Sì, il triangolo sì, è stato considerato e messo in opera. Quindi sospiri, baci a fior di labbra, ostacoli vari, piccole invidie, grandi rancori, e lui che ama lei che però ama l’altro. Nonostante - e questa è una delle tante ardite zampate che lasciano un po’ così - si cerchi di camuffare il tutto con la sorpresona dalle tinte incestuose.
No, alla trovata in stile Beautiful, non ci crede nessuno.
E quasi non ci si crede al look dei figuri in campo, prestanti modelli nerovestiti ricoperti di tatuaggi “utili” e copiose passate di gel casomai la chioma si scomponesse da un’azione all’altra. Dark, come si diceva, ma di quelli buoni e non “deprimenti” (come qualche band anni ottanta) o “pericolosi” (del tipo sinistre formazioni black metal).

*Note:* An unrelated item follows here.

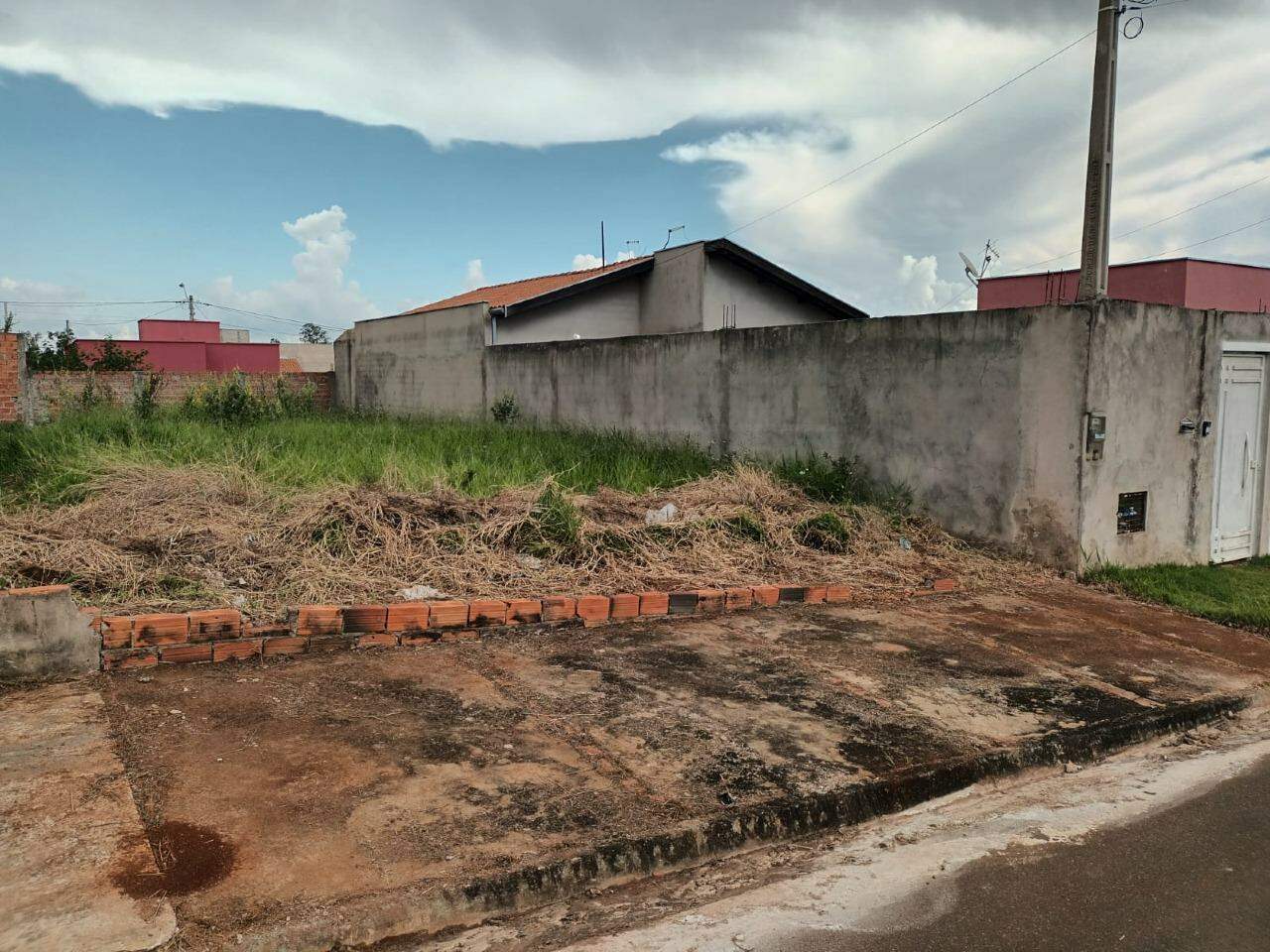 Terreno à venda, no bairro Campos Do Conde em Piracicaba - SP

Immagine che si riflette nelle atmosfere piuttosto scure di scenografie e fotografia monotone sebbene eseguite con la consueta professionalità tipica di produzioni come questa.
Insomma, dal tradizionale carrozzone per giovani e caste menti, trainato per intrattenere in maniera innocua e garantita, nessuna azione di disturbo è permessa, con l’ironia che boccheggia tanto è soffocata (poiché affidata a una manciata di veloci inutili battutine) e con l’anima salva da qualsiasi anche vaga toccata e fuga [la citazione non è casuale poiché si accenna alla musica di Bach come metodo per scoprire i demoni ed inoltre lo stesso Bach sarebbe stato un cacciatore di demoni!] del politicamente scorretto o del potenzialmente dannoso, come dimostrano anche i cautissimi riferimenti religiosi in modalità “larghe intese”.
Quello che in definitiva affossa il film, che pure ad un certo punto pareva risollevarsi in una posizione almeno un minimo atipica, è il finale, frutto assurdo di un’affannosa ansiogena e cieca ricerca di distaccarsi dai binari di una linea risaputa e prevedibile, colma di stereotipi e situazioni note (fatto che quasi si “accetta”, comunque) e dalla volontà di stupire a tutti i costi. Così la struttura narrativa collassa sotto i colpi disordinati di una serie incredibile di “rivelazioni” e momenti-sorpresa che, anziché ottenere l’effetto desiderato, inducono una sospensione della voglia di seguire quello che accade sullo schermo e soprattutto causano una caotica e sconnessa distribuzione degli eventi.
Si spende quindi male, molto male, quella che è una conclusione con troppi segnali che non conducono da nessuna parte decente, e che in aggiunta è priva del fascino da esaltazione della vittoria, di un cattivo determinante, e innanzitutto di senso e logica.
Non è sufficiente a giustificare ciò la pur disdicevole condizione “obbligatoria” di lasciare i soliti spiragli aperti in funzione del prosieguo della saga: a fare difetto è proprio la materia, in simpatico progressivo disfacimento, e la gestione della stessa.
Regista e responsabile dell’impresa è il mestierante Harald Zart (La Pantera Rosa 2; The Karate Kid. La leggenda continua; Un corpo da reato), che dirige col pilota automatico e in maniera standardizzata.
Infine, qualche considerazione sul cast che, nel complesso, e chi più chi meno, non va (o può andare) oltre le barriere delle produzioni del genere. La protagonista, Lily Collins, pur non brillando ha almeno il pregio di possedere presenza e faccia non così tipiche, mentre la controparte maschile, Jamie Campbell Bower, fatte salve le virtù di avvenenza che tanto possono soddisfare le platee femminili, sembra essere unicamente interessato a stare perennemente in posa con la sua chioma leonina e il volto contraddistinto da una fissità fastidiosa che ha pochi eguali. Tra i comprimari da segnalare una purtroppo sottoutilizzata Lena Headey (sì, era il ruolo però poteva essere sfruttato meglio), ossia la fantastica Cersei Lannister de Il Trono di Spade, e il cattivo buono per tutte le stagioni Kevin Durand.
Ah, l’altro lato del triangolo, quello sfigato e costretto sempre a fare l’amico, è rappresentato da Robert Shehaan, il mitico Nathan di Misfits, che in un film come questo risulta a dir poco sprecato.